Von legendären Schlachtschüsseln, von Schweinernem auf höchstem Niveau, von seraphischer Sülze und gnadenreichem Büchsenfleisch, von Bratwürsten, die man vergolden möchte, von Stockfisch und vielem anderen geht die Rede – ohne Ausnahme im Familienbetrieb hergestellt. Wir bestellen die Spezialität des Hauses, angebratene Göttinger mit Sauerkraut, das hier durch die Beigabe von Kartoffelstärke zu einem deliziös cremigen Gericht gerät und uns wie ein synästhetisches Echo auf die zauberhaft spröde Gegend mit ihren Rundungen, Wiesenbuchten und Waldbögen dünkt.
Nun will man nichts mehr – außer etliche redliche, gezapfte Biere von örtlichen Brauinstituten zu trinken und betört-belemmert den halb auf düsterfränkisch, halb auf oberpfälzisch geführten Debatten über Wagner-Inszenierungen in Bayreuth zu lauschen. Denn wie schrieb Jean Paul? »Sie sahen erfreut dem Freuen zu.«
Ja, das ist es, das Jean Paulsche »Vollglück in der Beschränkung«, Schutz findend vor den Unbilden der Zeit, der Welt und des Wetters, in der Schelter in Wintersreuth.
Das elektronische Huhn
»Bayreuth trotz Bier und Gegend unaushaltbar.« Jean Pauls bekanntes Diktum gilt hier und heute, im Biergarten der Schloßgaststätte in der unter Markgräfin Wilhelmine mit allerhand Schnickschnack wie Grotten und Ruinentheater ausstaffierten Eremitage, in keiner Weise. Das Einnordungsbier mundet vorzüglich, das Essen auch, und man wähnt sich wahrlich in jenem »Vorhimmel«, den Jean Paul pries.

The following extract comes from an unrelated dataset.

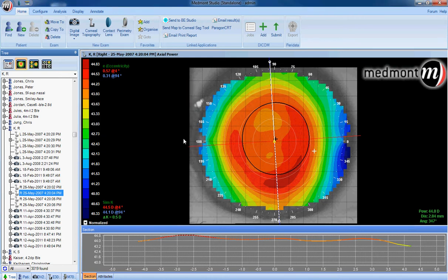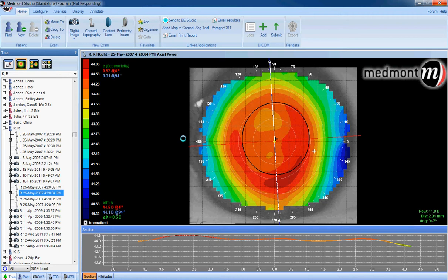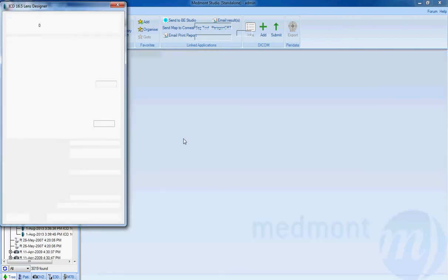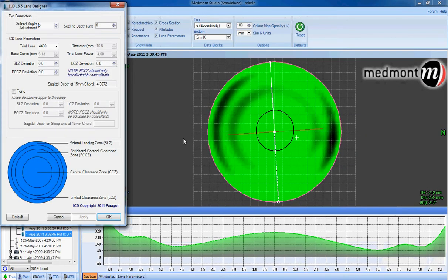The software will then generate a theoretical contact lens and place it on the topographical surface. This shows you where the lens should bear and lift.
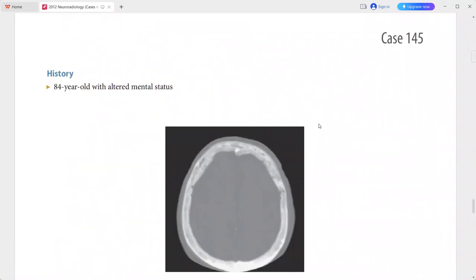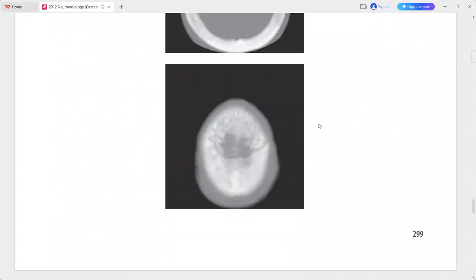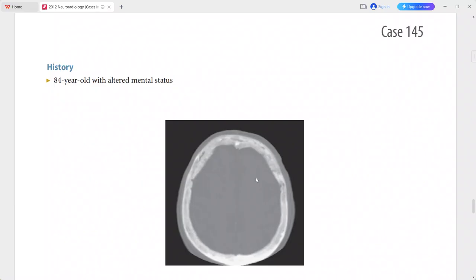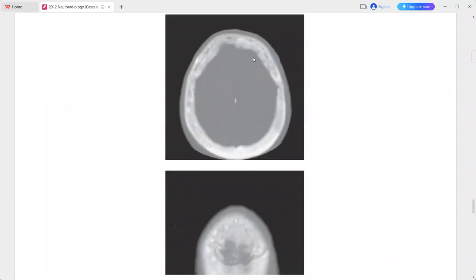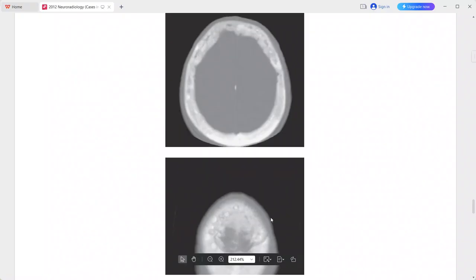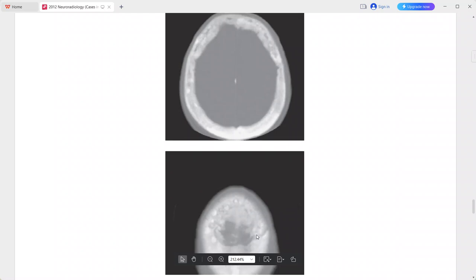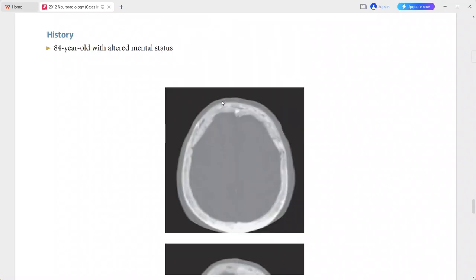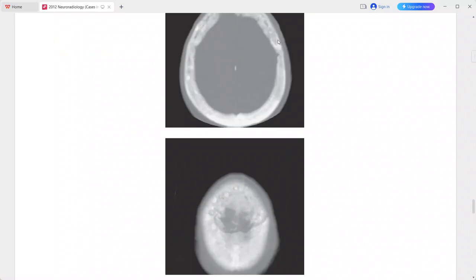Next is a case of an 84-year-old man presenting with altered mental status. On the CT scan bone window, there is a large zone of abnormal mixed increased density in the frontal bone with a sharp geographic zone of transition. This mixed osteolytic and osteoblastic process is producing a cotton wool appearance.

Der von beinahe unermeßlicher Liebe zu den kleinen Leuten erfüllte poetische Enzyklopädist wollte ohne Bier nicht sein. Er kenne »keinen Gaumen-, nur Gehirnkitzel«, notierte er, »und steigt mir eine Sache nicht in den Kopf, so soll sie auch nicht in die Blase«.

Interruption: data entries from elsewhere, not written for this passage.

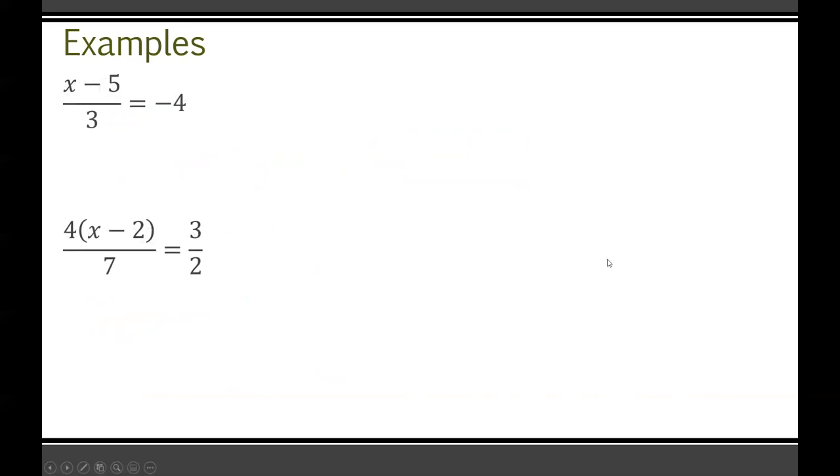Just two more questions — pause the video here and give these ones a try on your own, and we'll go over them in a second.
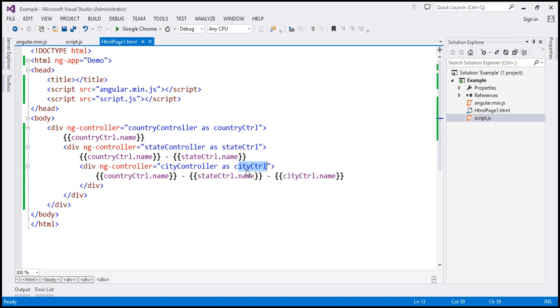For example, if you have a name property, to access it from the city controller you use cityCtrl.name. The city controller is actually attached to the $scope object — it's just hidden.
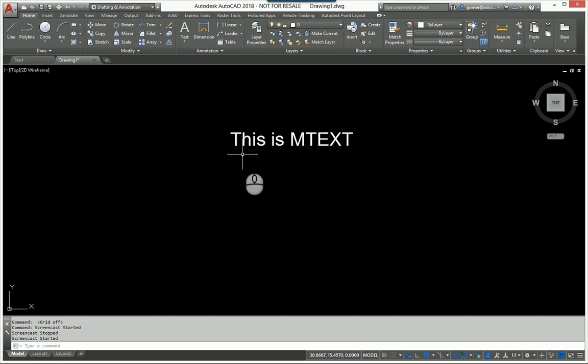The answer is, natively within AutoCAD it cannot be done, but there is a LISP routine that can handle this. So I give credit to the AutoCAD tips blog because I did not do this myself, but here it is.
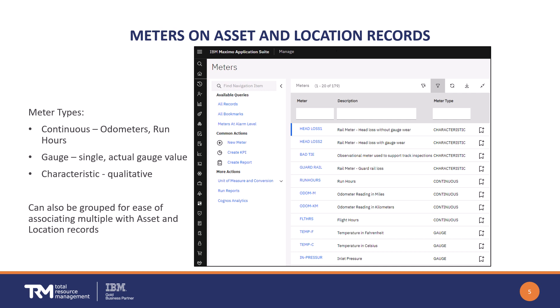You may already know about being able to define meters and then associate them to asset and location records. Meters can be of three types: continuous, for things like odometers and run hours that have ever-increasing values; gauge, where the reading is a single value such as current pressure or temperature; and finally a characteristic meter that is qualitative, like good, better, best, or a color reading for things like oil analysis. Given your meter definitions, you can associate them with your assets or locations either individually or as a group.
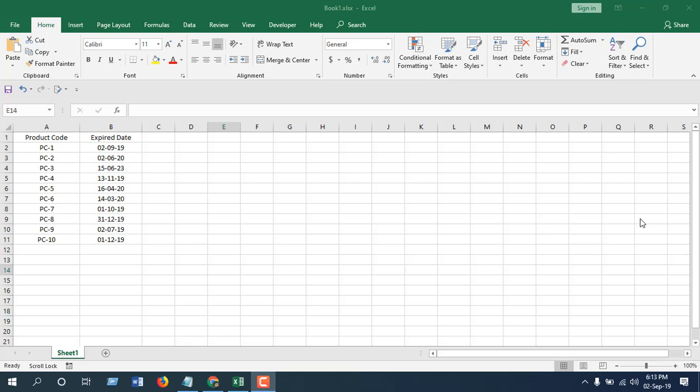Now in this video, I'm going to show you how you can identify products of which the expiration date is within the next 90 days, or next 120 days, or your preferred given time slot. I'm going to use conditional formatting to do this.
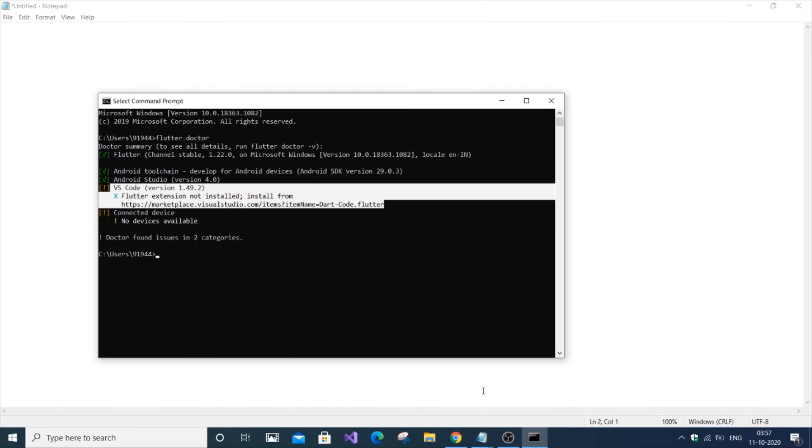We've solved four errors in Flutter using the command prompt. Thanks for watching. For more tutorials and programming content, check my channel playlist.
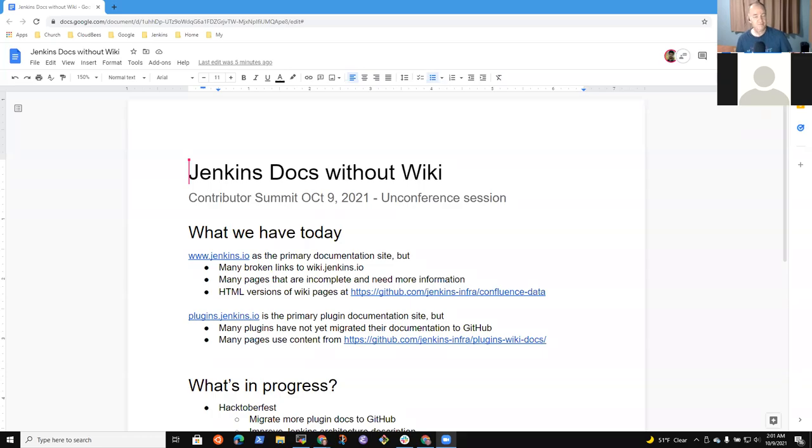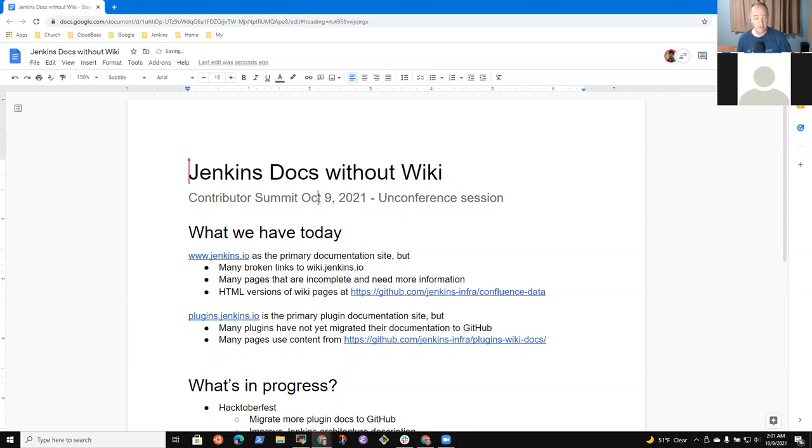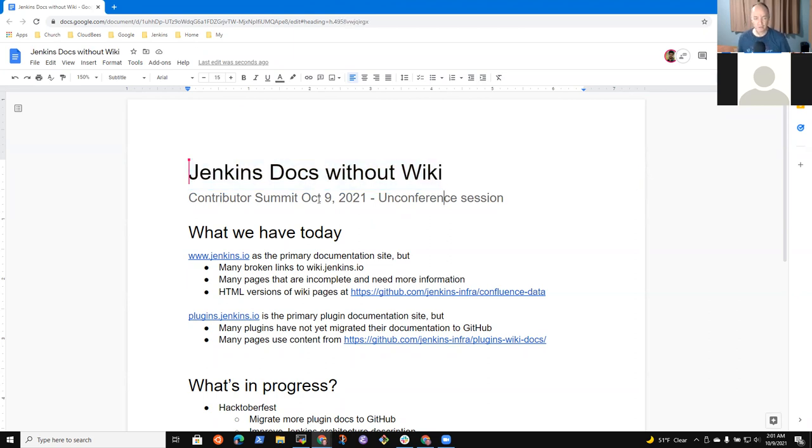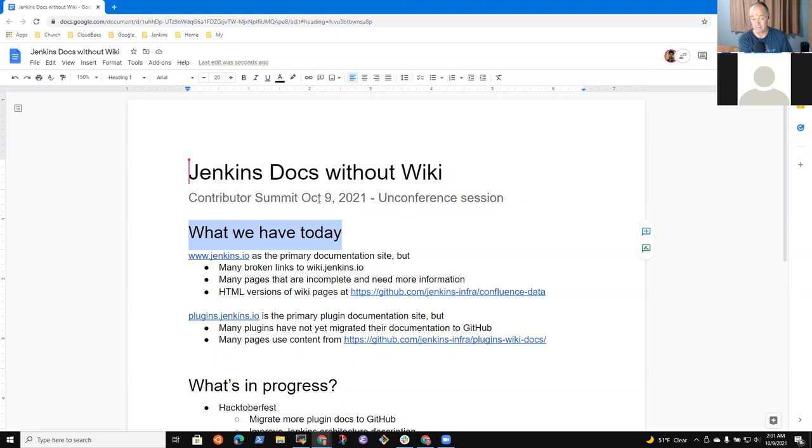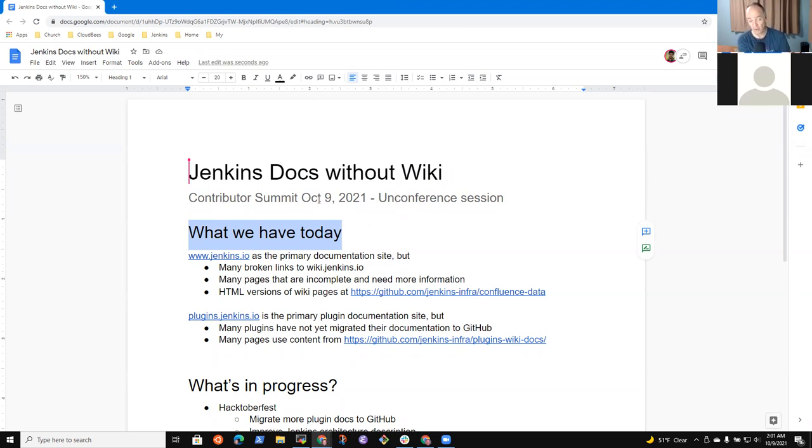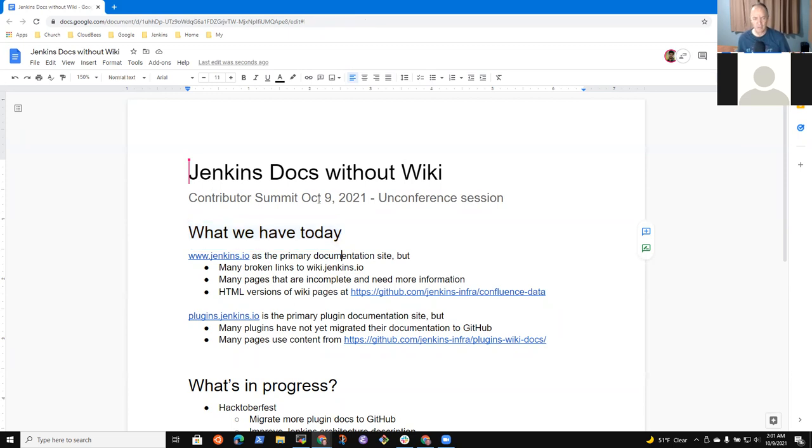All right. Okay, so welcome to the Jenkins Contributors Summit October 9. This is the unconference session focused on Jenkins Docs without the wiki. What I was thinking we should do first is let's talk about the current state of things, what we've got today, and make notes about the challenges that are ahead of us, the things that we have right now where there are issues.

Bloß sehen, riechen, lauschen – dem leis’ knisternd in sich zusammensinkenden Bierschaum über einem rechtschaffen goldenen Flüssigkeitszylinder. Höheres, meint man zuweilen, gibt es kaum. Derweil erzählt die Kulturwissenschaftlerin und -managerin Karla Fohrbeck, die ein Büro in Jean Pauls letzter Wohnstätte unterhält, im »Schwabacher Haus« in der Friedrichstraße, den Antipreußen und Antimilitaristen par excellence habe »Disziplin überhaupt nicht interessiert«, und sie fügt hinzu: »Ich denke, er brauchte diesen Schwebezustand, den er durchs permanente Biertrinken erzeugte, um es hier auszuhalten.«
Jean Paul labte sich am »Zaubergürtel« der Natur, am »so grün angestrichenen Präsentierteller von Gegend« und an den »wie schimmernden, aus dem Äther gesunknen« Baulichkeiten, und wahr bleibt, was Ludwig Börne in seiner Denkrede am 2. Dezember 1825 aussprach: »Er sang nicht in den Palästen der Großen, er scherzte nicht mit seiner Leier an den Tischen der Reichen. Er war der Dichter der Niedergeborenen, er war der Sänger der Armen«, und er verachtete die Indolenz des Adels.
Gleichwohl litt er unter den »illiterarischen« Inhabitanten: »Bayreuth hat einen Fehler, daß zu viele Bayreuther darin wohnen.« Das hat man ihm offenbar verziehen. Jean Paul sei heute, sagt Karla Fohrbeck, eine der maßgeblichen Initiatoren des Ende 2012 fertiggestellten, rund zweihundert Kilometer langen Jean-Paul-Wegs von Joditz bei Hof bis zum Felsengarten Sanspareil im Kulmbacher Land, »die Corporate-Identity-Figur für Oberfranken«: »Sie nehmen ihn als einen der ihren wahr.«
Für allerlei touristische Werbung hält Jean Paul mittlerweile her. Wird er dadurch wieder öfter gelesen, soll es so sein. Auf dem nach ihm benannten Wanderweg informieren Textstelen und -tafeln an hunderteinundsechzig Stationen über Leben und Werk. Die sich von Norden nach Südwesten durch Oberfranken schlängelnde Route sei »eine Energielinie«, erläutert Karla Fohrbeck, sie sei »das geistige Rückgrat der Region« und »die geheime Lebensader des alten Markgrafentums Bayreuth-Brandenburg«.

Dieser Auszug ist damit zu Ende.